Cette année, le beau temps et les fortes chaleurs ont clairement aidé, de même que les touristes. Ces éléments ont permis aux grands magasins, dont les Galeries Lafayette, ou aux magasins d'usine haut de gamme, comme One Nation, d'afficher des bilans positifs.
Mais c'est surtout la taille des rabais qui a dopé les ventes. "Plus de la moitié des commerçants parisiens ont proposé des -50% dès les premiers jours, seul moyen pour attirer des consommateurs déjà habitués aux promotions toute l'année", explique Julien Tuillier, chargé d'études à la CCI.
Résultat: 51% d'entre eux jugent au final leurs recettes inférieures à l'an dernier, l'effet volume ayant été annihilé par les prix extrêmement bas consentis.
Au niveau national, la fréquentation globale ressort en léger recul, avec 74,3% de Français qui ont fait les soldes, soit 1,9 point de moins qu'en 2014, indique Toluna.
Mais c'est surtout au niveau des paniers moyens que la baisse est plus sensible, avec des chutes d'environ 10% sur les trois premières semaines, puis de 20% en quatrième et cinquième semaines.
Les Français se sont souvent contentés de quelques articles. Et, chaleur aidant, souvent de pièces peu chères (débardeurs, shorts...).
- Pré-soldes -"Les soldes restent toujours importantes, mais ce n'est plus l'évènement que c'était", souligne M. Tuillier. "Il y a clairement une désaffection depuis quelques années, car maintenant on fait de la démarque toute l'année", renchérit Aude de Moussac. "Les soldes ne sont plus qu'une promotion de plus dans la saison, ce n'est plus vraiment une aubaine pour les consommateurs", estime M. Wertel.

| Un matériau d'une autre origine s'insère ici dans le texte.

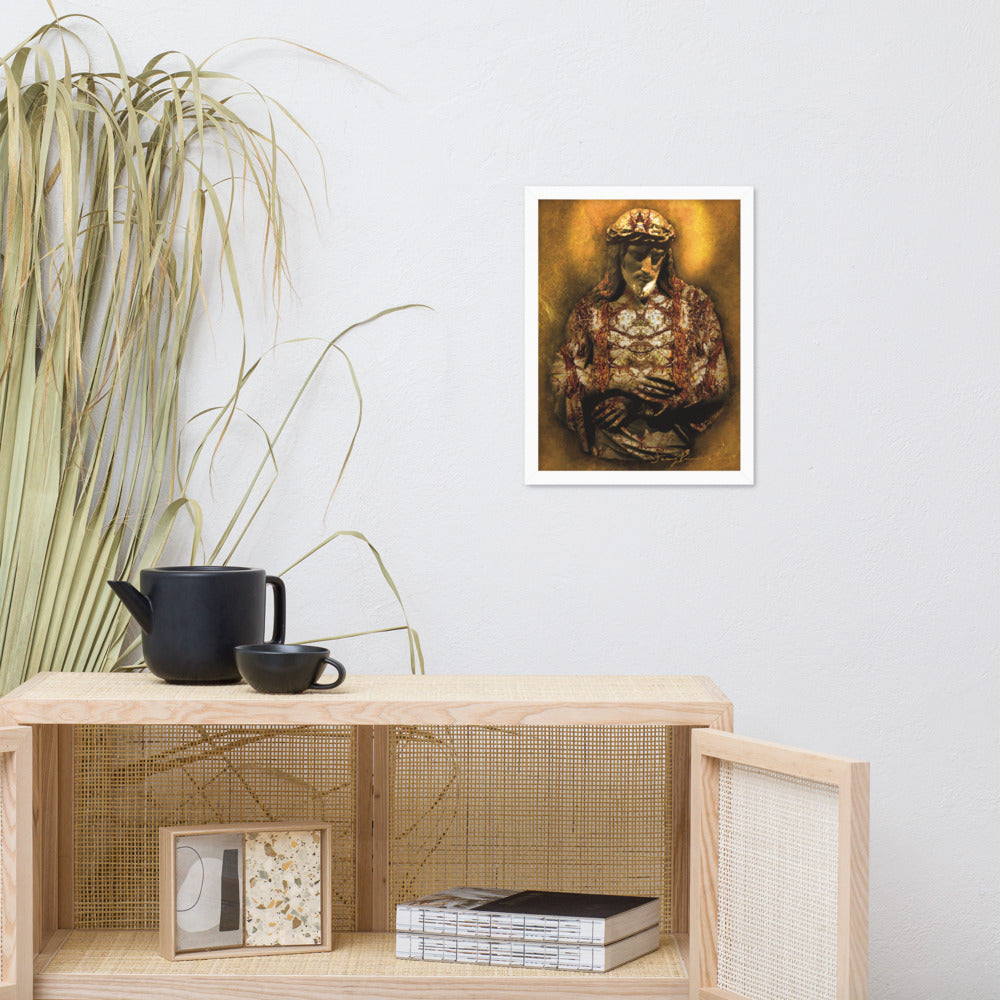 Gilded Jesus framed poster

D'ailleurs, beaucoup de commerçants se plient aux désormais traditionnelles ventes privées dans les semaines précédant l'ouverture officielle des soldes, pour stimuler leur activité.
Et cela marche plutôt bien (79% de satisfaction à Paris, +10 points).
Mais le revers de la médaille est que ces achats en pré-soldes ne sont pas réitérés par la suite, amputant d'autant le bilan des "soldes officiels".
Internet a toutefois réussi à tirer un peu mieux son épingle du jeu, avec une hausse des ventes d'environ 6%, selon la Fevad (Fédération de l'e-commerce et de la vente à distance). Une croissance toutefois inférieure à l'an passé (+11%).
Ce canal est surtout tiré par les sites généralistes, comme Amazon qui a lancé son "Premium Day" au milieu des soldes avec des remises allant jusqu'à -60%. Rue du Commerce, avec ses baisses de plus de 70% a enregistré une croissance de 46% de son chiffre d'affaires. Ce qui tend à prouver que seuls les rabais monstres sont encore capables d'attirer des consommateurs rompus à l'art des bonnes affaires toute l'année.